BRYAN, District Judge. In this case the schedules of the bankrupt showed that he had an interest in certain parcels of real estate and in a small personalty. The personalty was set off to the bankrupt under the provisions of the fourteenth section of the act. The real estate was bound by the lien of a judgment entered in the state court for some seventy-five (75) dollars, which had also been duly proven in bankruptcy. This real-estate, under an order of this court, had been sold by the assignee free from all encumbrances, and brought at the sale eighty (80) dollars. There are no other funds in the hands of the assignee. The creditor holding the judgment claims that the proceeds of the sale of the realty, bound by his lien, should be applied to the extinguishment of his lien, after paying the special costs incurred in proving it. The assignee contends that before the proceeds of sale can be applied to the lien, all the costs incurred in the whole proceedings in bankruptcy must be paid out of them. The point was submitted to Mr.
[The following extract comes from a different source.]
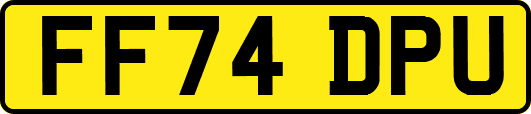 FF74DPU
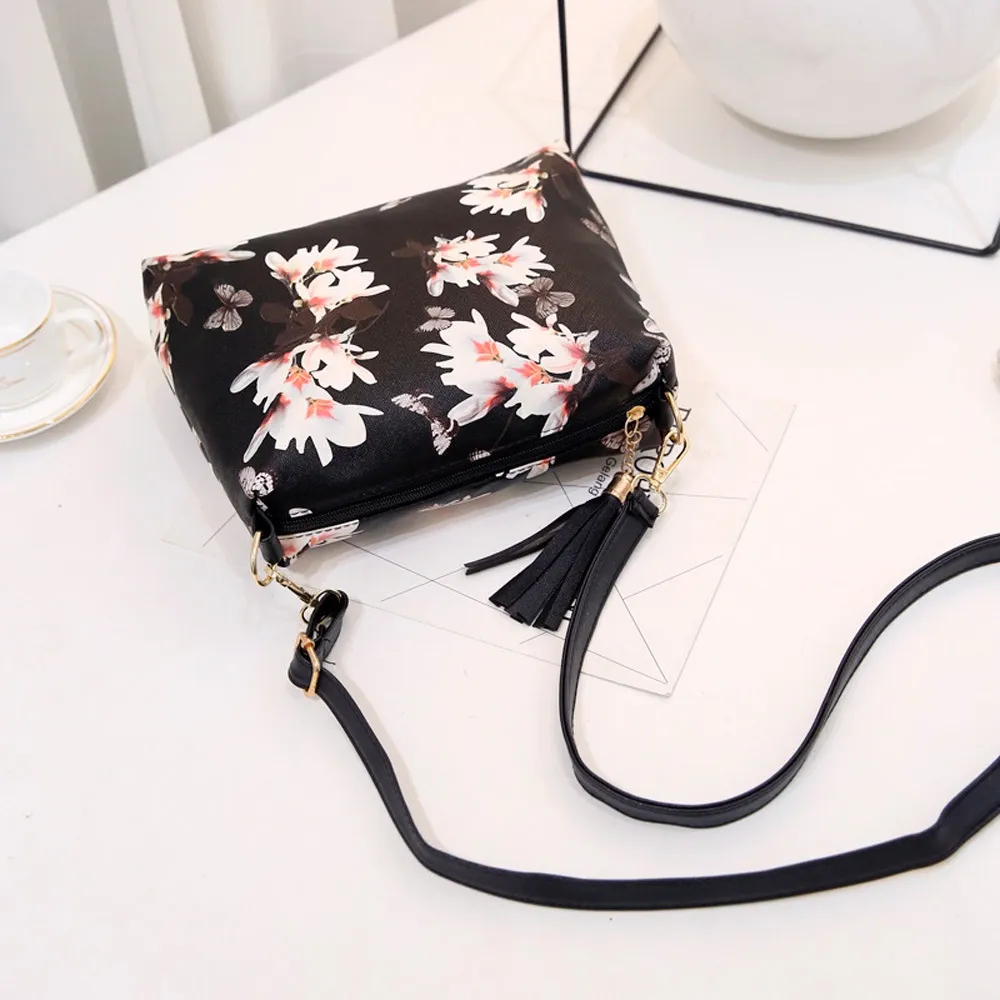 floral bag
Register Clawson, who decided it in favor of the assignee, and has certified his opinion, with the reasons for it, to this court.
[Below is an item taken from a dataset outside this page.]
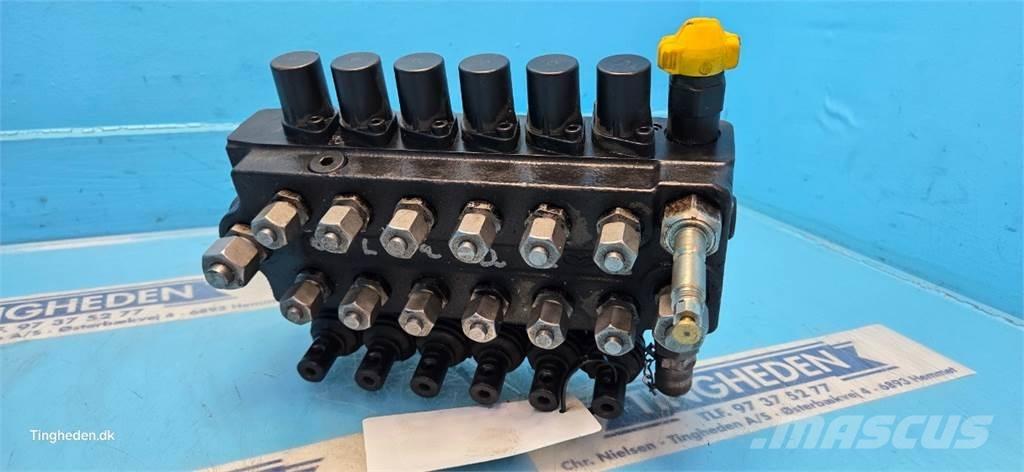  Hydraulikventil Hydraulika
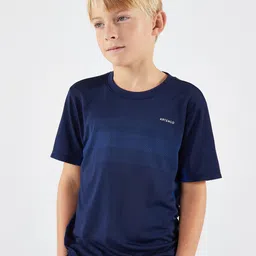 Artengo By Decathlon Kids' Tennis T-Shirt Light-91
The register relies upon the twenty-eighth and forty-seventh sections of the bankrupt act The forty-seventh section, after providing a schedule of fees for the several officers of the court, says: “Such fees shall have priority of payment over all other claims out of the estate of the bankrupt And if there are not sufficient assets for the payment of these fees, the person upon whose petition the warrant issues shall pay the same.” What is meant by the expression “estate of the bankrupt” Evidently such property and rights of property of the bankrupt as the bankrupt act vests in the assignee. The assignee can take nothing more than the bankrupt himself had in any case, except the case of a fraudulent conveyance by the bankrupt. The act does not divest liens acquired and consummated before the adjudication in bankruptcy. When the act, therefore, speaks of the estate of the bankrupt in the hands of the assignee, it means such estate with all the encumbrances existing upon it at the time of the bankruptcy. In other words, the net value of the property after the liens upon 316it are satisfied. This will appear upon examining the twentieth section of the act.
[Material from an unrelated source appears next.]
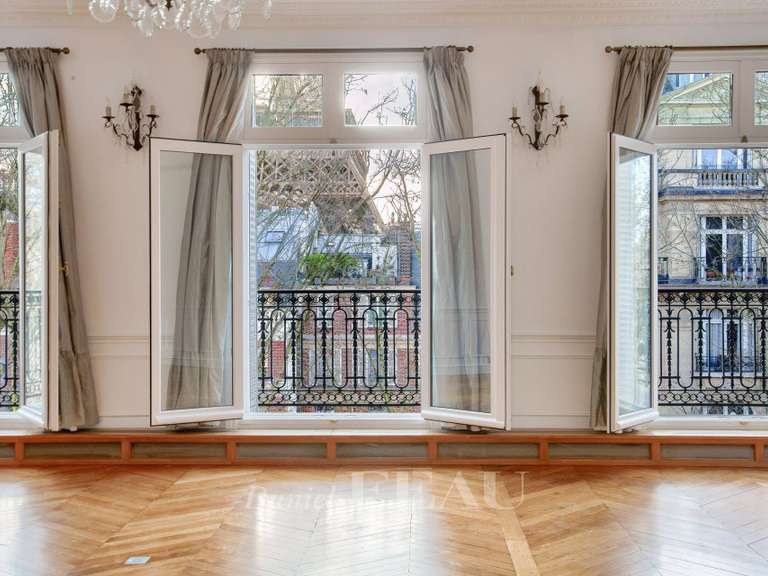 Apartment Paris 7e - 3 bedrooms - 199m²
The first clause of this section provides that in all cases of mutual account the account shall be stated, and one debt set off against the other, and the balance only allowed or paid. The second clause provides that when a creditor has a mortgage, or a pledge of real or personal property of the bankrupt, or a lien there on for securing payment of a debt owing to him, he shall be admitted as a creditor only for the balance of the debt after deducting the value of such property, to be ascertained by agreement between him and the assignee, or by a sale. The third clause authorizes the creditor in such a case to release or convey to the assignee his claim upon such property, and then prove for the whole debt. The fourth clause provides that if the value of the property exceed the debt, the assignee may release to the creditor the bankrupt's right of redemption there in, on receiving such excess, or he may sell the property subject to the claim of the creditor. No comment is necessary. It is clear that the estate of the bankrupt, in property bound by a lien, is in the excess of the value of the property after satisfaction of the lien, and that this is all the act conveys to the assignee. That this forty seventh section, in providing for the payment of the fees out of the “estate of the bankrupt,” in its terms forbids the idea of the payment of the fees out of that portion of the property bound by a lien, which is not in excess of the lien. In as much as the lien creditor seeks and enjoys the aid of this court in enforcing and realizing his lien, he is bound to pay the costs incurred in obtaining this aid. But with regard to the costs of general administration in which he has no concern, and in which he can have no interest until his lien is either satisfied or realized, it would be inequitable to require him to bear the burthen of them.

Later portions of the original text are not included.